Watching the World
A Turning Point for the UN?
“The United Nations may never be the same after the Earth Summit,” commented Charles Petit, a science writer for the San Francisco Chronicle. He added: “The world body finally seems to be gaining the stature assigned to it when its charter was signed 47 years ago in San Francisco.” The UN-sponsored Earth Summit meeting, which took place in June 1992 in Rio de Janeiro, Brazil, attempted to address some of the environmental problems now facing the world; many are clearly too large in scope for individual nations to solve.

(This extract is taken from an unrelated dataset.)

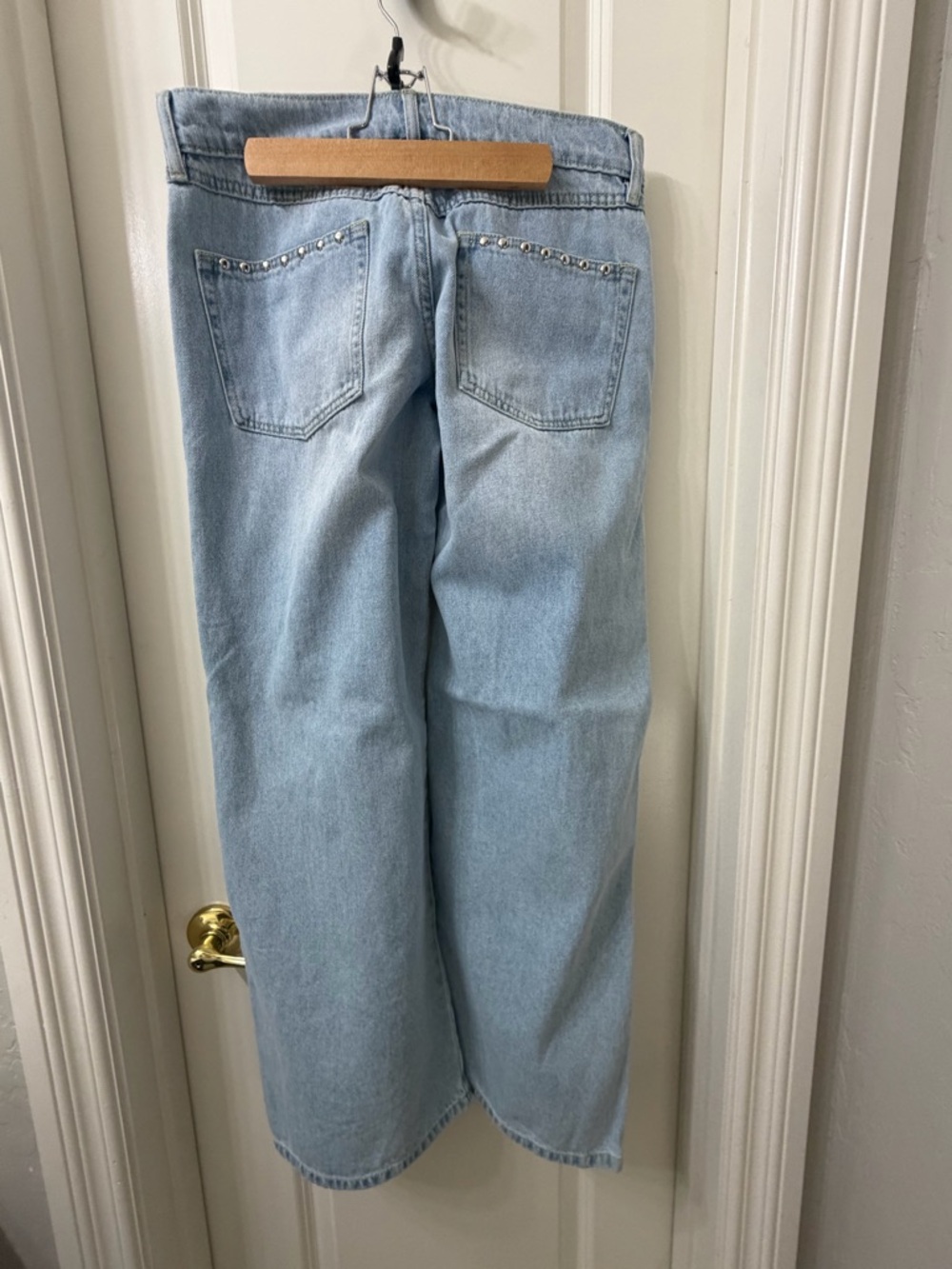 NWT Tilly’s West of MELROSE Studded Wide Leg Jeans - Picture 5 of 7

Hilary French of the Worldwatch Institute commented: “Nations are, in effect, ceding portions of their sovereignty to the international community and beginning to create a new system of international environmental governance.”
Women in the Workplace
More and more women in the world are becoming “economically active,” or working at paying jobs, but they still face enormous hurdles, according to Finance & Development, a journal published by the World Bank and the International Monetary Fund. The journal estimates that some 830 million women worldwide are economically active, and that 70 percent of them live in developing countries. In Africa and parts of Asia, far fewer girls than boys are enrolled in secondary school, so it is not surprising that some 75 percent of women 25 and over are illiterate and that it is often harder for such women to find a decent job. Although far fewer women than men are economically active, this hardly reflects whether the women are working since the statistics deal only with formal employment and not work done in households or family-run activities. Studies have shown that in Asia, Africa, and the Pacific, the average woman works some 12 or 13 hours more each week than the average man.

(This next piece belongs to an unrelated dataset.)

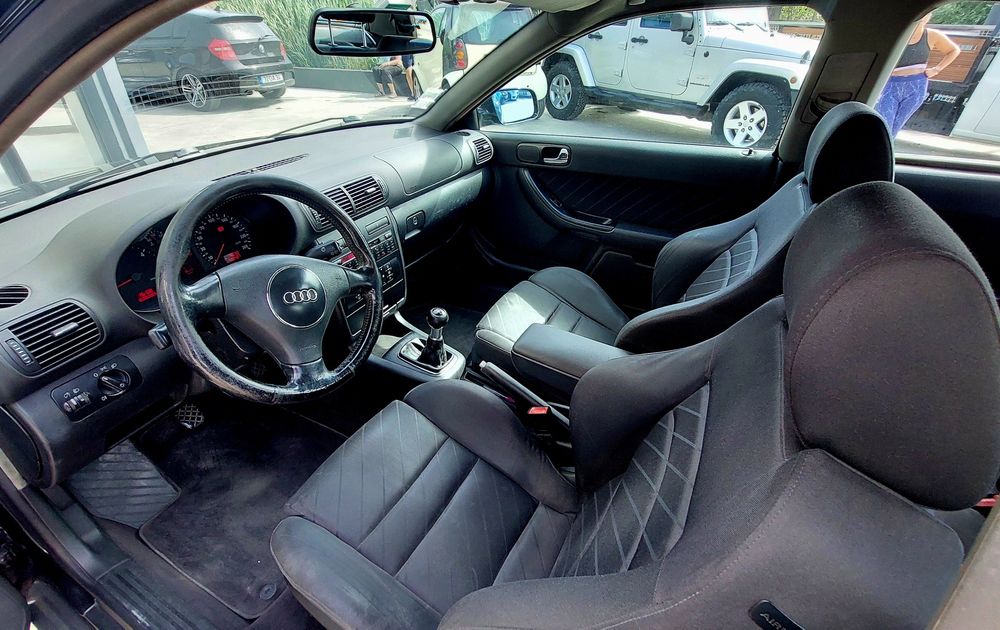 Audi A3 1.9 tdi Sport 130cv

“Hell exists; it is eternal.” So affirm the Italian Jesuits in their Vatican-approved periodical La Civiltà Cattolica. They are evidently concerned about a trend within the Catholic Church to mute the supposed reality of hellfire and its torments. For example, they criticize a catechism for young people that fails to devote even one page “to the mystery of the retribution of the evil.” The Jesuits insist that the “fire” of hellfire is no mere “exclusion from the presence of God or the remorse of the damned” but, rather, involves pain as a punishment for earthly sins. They exhort theologians, priests, and catechists to speak about hell, particularly to young people. Yet, the Bible does not teach such a doctrine, stating that the dead “are conscious of nothing at all.”—Ecclesiastes 9:5.

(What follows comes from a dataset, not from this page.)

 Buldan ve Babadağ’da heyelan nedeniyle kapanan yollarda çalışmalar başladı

Sexual Assaults Blamed on Comic Books
Police in Tokyo, Japan, recently charged a 16-year-old high school student with 25 counts of sexual assault. The youth laid the blame on obscene comic books. In one incident he allegedly got a sexually explicit comic book at a convenience store and then took a ten-year-old girl into a restroom and forced her to join him in acting out one of the book’s lewd scenes. He admitted to police that he had carried out 24 similar assaults, and that most of them were likewise inspired by dirty comics. The Daily Yomiuri reports: “Last year, 86 sex crimes involving minors believed to have been inspired by obscene comics were reported in Tokyo.”
The Oldest Bakery?
Archaeologists working near Egypt’s pyramids have uncovered what may well be the oldest bakery in the world, according to an Associated Press report. Evidently the bakery was used to provide bread for the workers building the pyramids. Mark Lehner, an Egyptologist and one of the directors of the excavation, said: “We’re talking colossal baking here, easily enough to feed 30,000 people a day.” Lehner figures that the working conditions in the bakery must have been nightmarish, with intense heat and thick black smoke. “These rooms would have been like a night sky filled with rain,” he says. “We’ve dug through 1 1/2 feet [45 cm] of black-velvet, built-up ash.” The bakery is believed to date from the pyramid-building days.
Acid Rain in Japan
Acid rain in Japan has reached levels similar to those found in Europe and the United States, reports The Daily Yomiuri. The paper notes that when the pH level (a measure of acidity and alkalinity) of rainwater drops below 5.6, the rain may be considered acid. A study committee appointed by Japan’s Environment Agency measured the average acidity of rain during recent years and found levels as low as 4.3, well down in the acid range. Although it is not yet known whether acid rain is the cause, the committee’s report found that a number of cedar and pine forests in Japan are deteriorating.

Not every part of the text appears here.